DATASET EXTRACT START

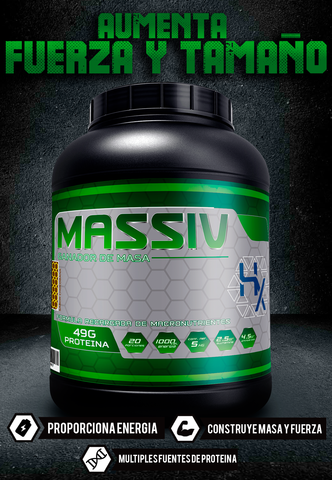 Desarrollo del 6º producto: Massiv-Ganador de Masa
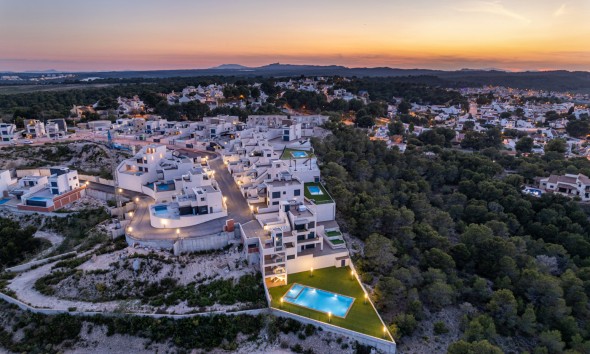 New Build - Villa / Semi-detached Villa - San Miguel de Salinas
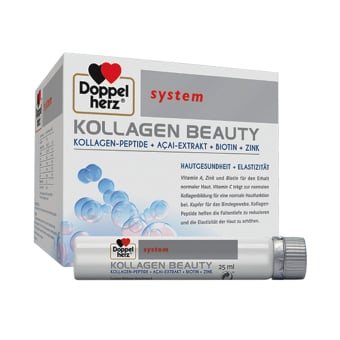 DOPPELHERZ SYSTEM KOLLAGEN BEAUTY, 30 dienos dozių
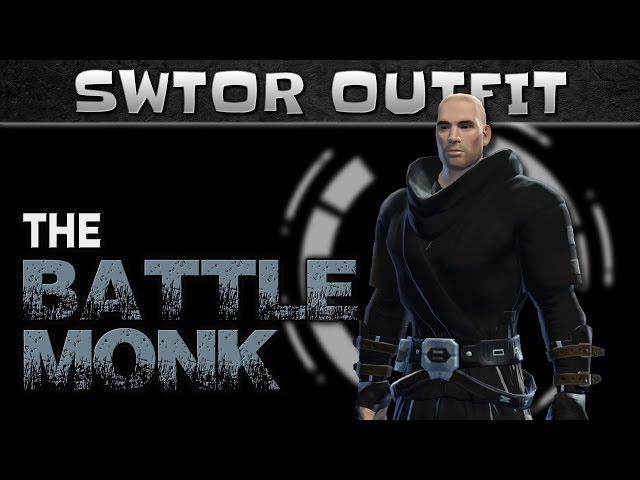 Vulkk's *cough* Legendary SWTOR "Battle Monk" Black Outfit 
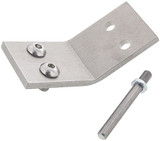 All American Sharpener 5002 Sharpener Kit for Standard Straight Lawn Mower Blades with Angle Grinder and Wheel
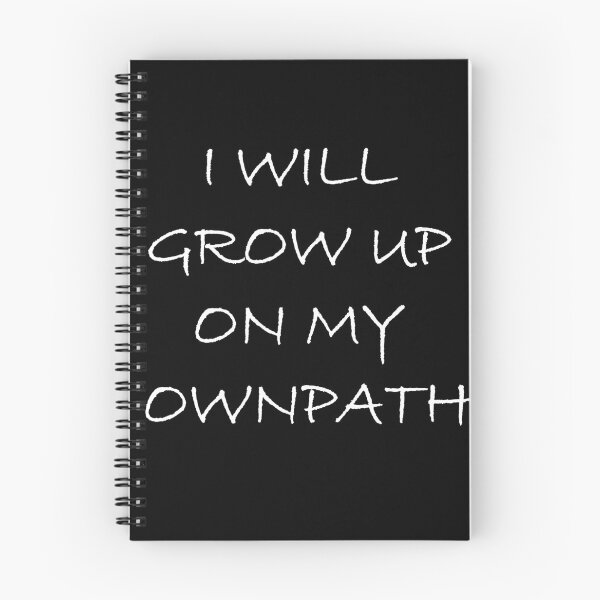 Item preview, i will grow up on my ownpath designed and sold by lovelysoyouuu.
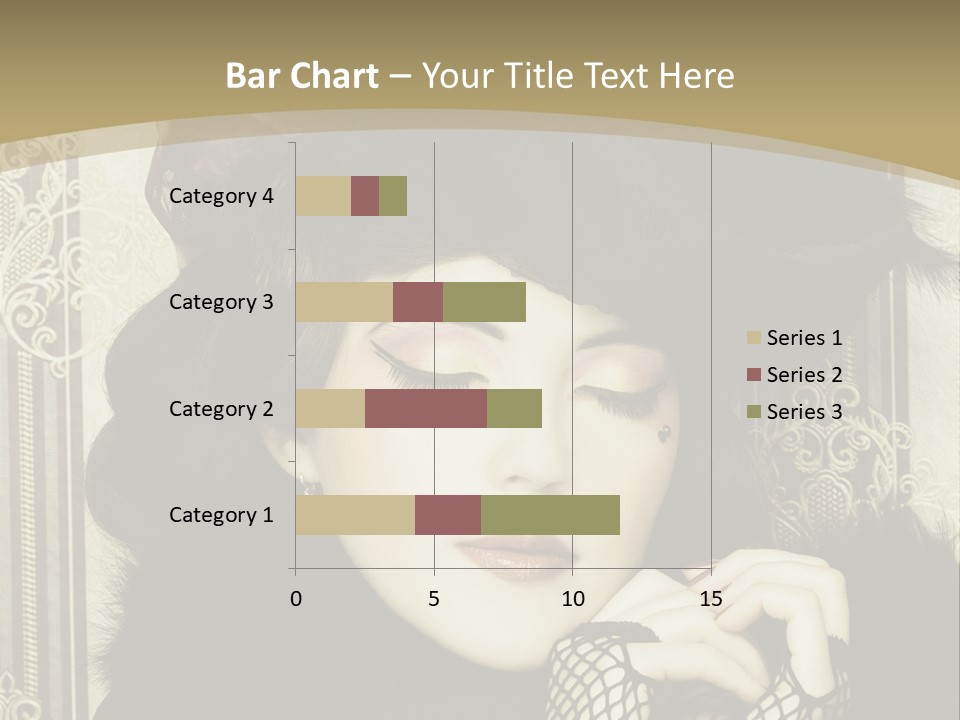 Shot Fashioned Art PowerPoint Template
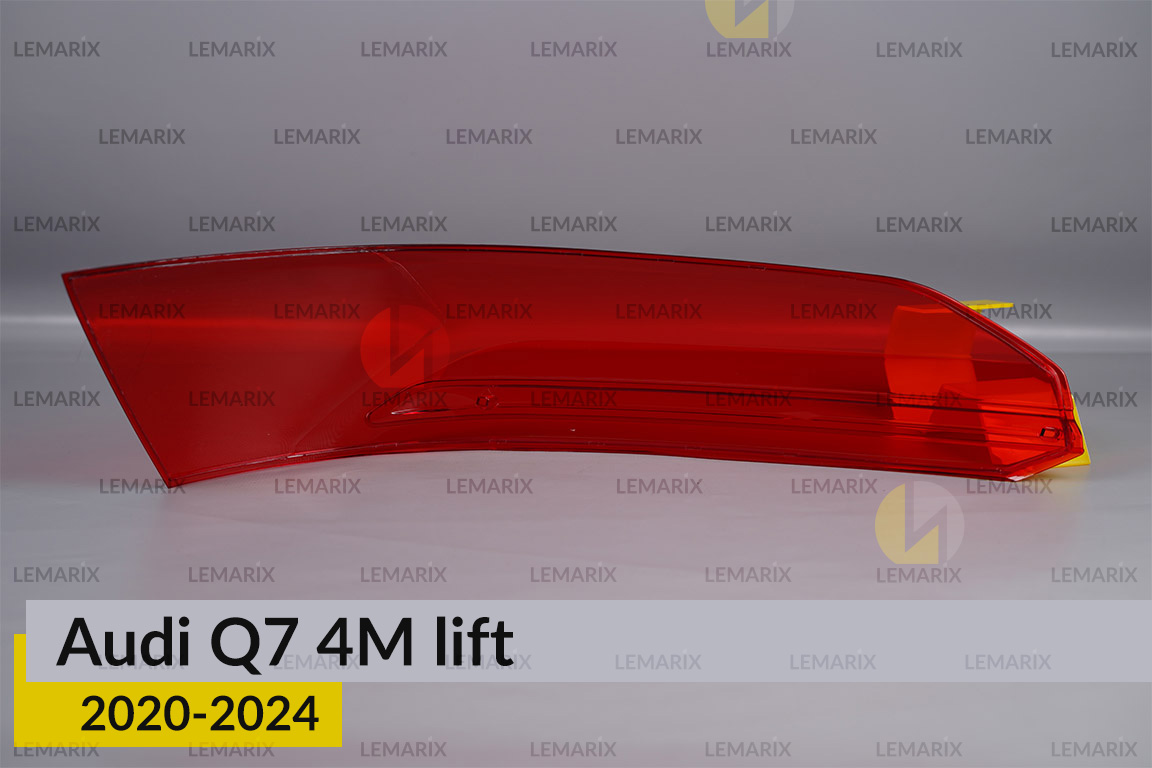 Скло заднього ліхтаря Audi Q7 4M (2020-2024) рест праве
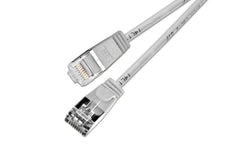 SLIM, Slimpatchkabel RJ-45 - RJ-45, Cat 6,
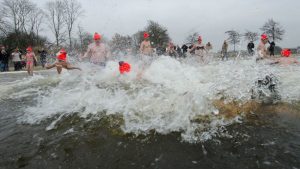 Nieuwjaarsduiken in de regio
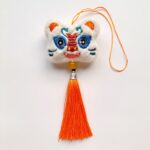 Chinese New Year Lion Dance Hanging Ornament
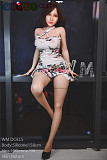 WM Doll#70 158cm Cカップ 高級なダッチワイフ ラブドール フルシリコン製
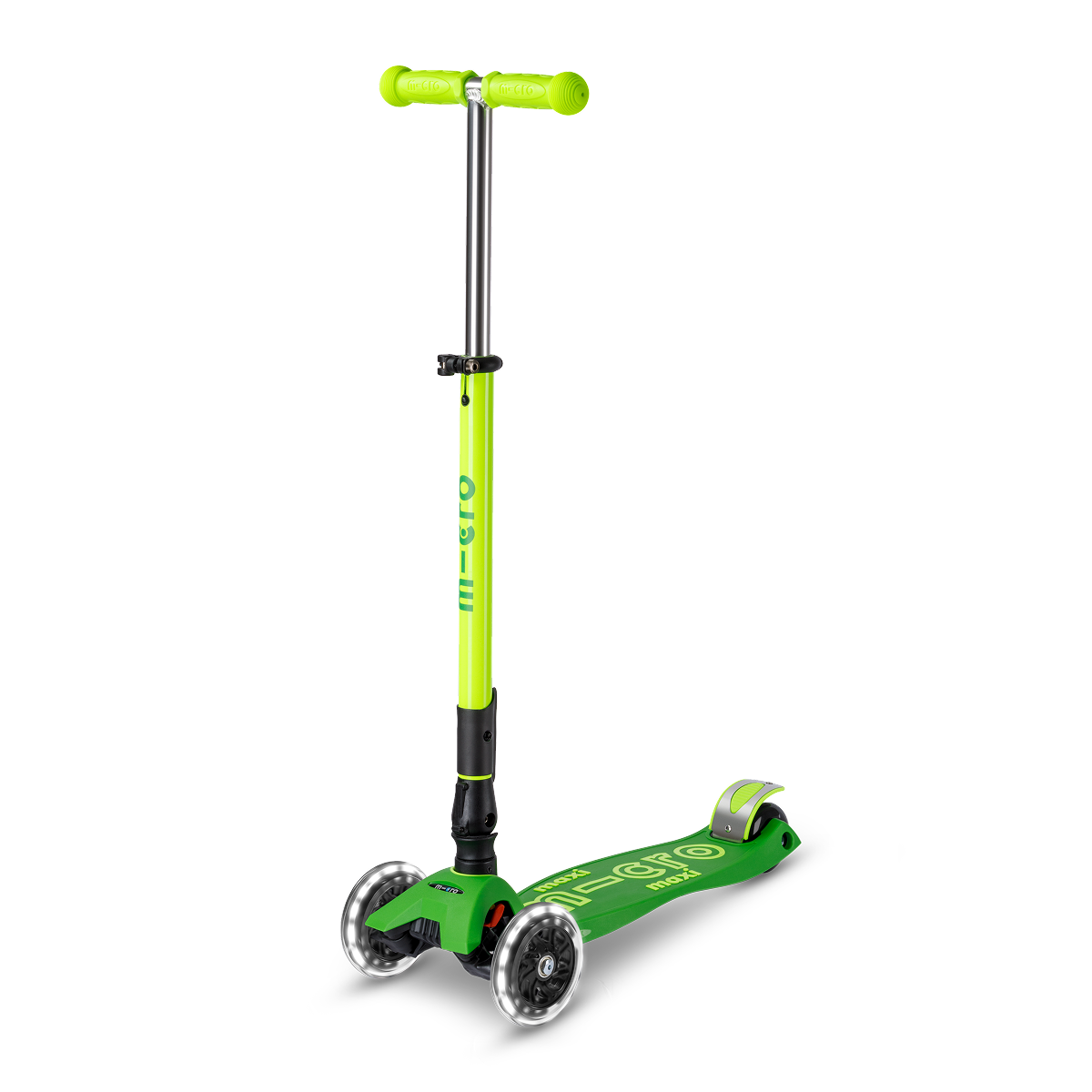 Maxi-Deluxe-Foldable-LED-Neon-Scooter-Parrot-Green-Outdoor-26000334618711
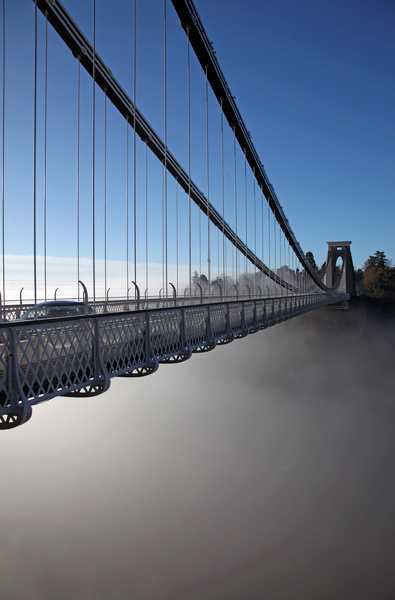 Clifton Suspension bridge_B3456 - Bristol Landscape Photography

DATASET EXTRACT END

REQUIRED ACTION
All of the data above must be printed exactly, minus its pictures.

WRITTEN SOLUTION
 Desarrollo del 6º producto: Massiv-Ganador de Masa
 New Build - Villa / Semi-detached Villa - San Miguel de Salinas
 DOPPELHERZ SYSTEM KOLLAGEN BEAUTY, 30 dienos dozių
 Vulkk's *cough* Legendary SWTOR "Battle Monk" Black Outfit 
 All American Sharpener 5002 Sharpener Kit for Standard Straight Lawn Mower Blades with Angle Grinder and Wheel
 Item preview, i will grow up on my ownpath designed and sold by lovelysoyouuu.
 Shot Fashioned Art PowerPoint Template
 Скло заднього ліхтаря Audi Q7 4M (2020-2024) рест праве
 SLIM, Slimpatchkabel RJ-45 - RJ-45, Cat 6,
 Nieuwjaarsduiken in de regio
 Chinese New Year Lion Dance Hanging Ornament
 WM Doll#70 158cm Cカップ 高級なダッチワイフ ラブドール フルシリコン製
 Maxi-Deluxe-Foldable-LED-Neon-Scooter-Parrot-Green-Outdoor-26000334618711
 Clifton Suspension bridge_B3456 - Bristol Landscape Photography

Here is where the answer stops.